Os resultados da pesquisa da Oxford Economics revelaram também o alcance global da indústria brasileira de cinema. O fenômeno denominado “turismo de tela” ganha destaque nesse cenário, já que 53% dos turistas internacionais afirmam buscar destinos que viram em filmes ou séries. Em 2024, 6,8 milhões de estrangeiros passaram suas férias no Brasil. Essa atração do turismo movimenta e beneficia outros diversos setores da economia que vão além da produção audiovisual. 

De volta aos cinemas

Esses números refletem a retomada do interesse do público brasileiro pelas produções nacionais. Segundo dados da Agência Nacional de Cinema (Ancine), até agosto deste ano, um em cada dez brasileiros que frequentaram o cinema assistiu a uma produção nacional. Com isso, a participação de mercado saltou de 1,4% (2023) para 11,2% (2025), e o número de sessões com filmes brasileiros subiu de 4% para 14,1%.

Em uma nota, a Ancine informou que esse avanço reflete a efetividade da “cota de tela”, que obriga as redes de cinema a exibirem longas-metragens brasileiros e que ainda está em discussão na agência. Além da cota, os festivais de cinema também desempenham papel crucial nesse processo de promoção de visibilidade e inclusão do cinema brasileiro em eventos de escala global. Festivais como a Mostra Internacional de Cinema de São Paulo, a Mostra Internacional de Cinema do Rio de Janeiro e o Fantaspoa atraem, juntos, quase um milhão de visitantes e consolidam o Brasil no cenário cultural internacional.

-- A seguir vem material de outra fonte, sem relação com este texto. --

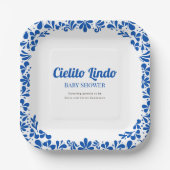 Cielito Lindo Blue Talavera Floral Baby Shower Pappteller (Vorderseite)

Lei Rouanet e desinformação

O impacto internacional do cinema brasileiro é possível somente com o apoio público e privado. Esse investimento é oriundo do incentivo à cultura por meio de políticas públicas, como a Lei Federal de Incentivo à Cultura (Lei 8.313), ou popularmente conhecida como a Lei Rouanet, criada em 1991.

Ela permite que empresas e pessoas físicas destinem parte do Imposto de Renda a projetos culturais aprovados pelo Ministério da Cultura (MinC). É por meio dela que empresas e pessoas físicas patrocinam atividades culturais: abatendo o valor total ou parcial do Imposto de Renda. Os projetos patrocinados são obrigados a oferecer contrapartida social, distribuindo parte dos ingressos gratuitamente e promovendo ações de formação junto às comunidades.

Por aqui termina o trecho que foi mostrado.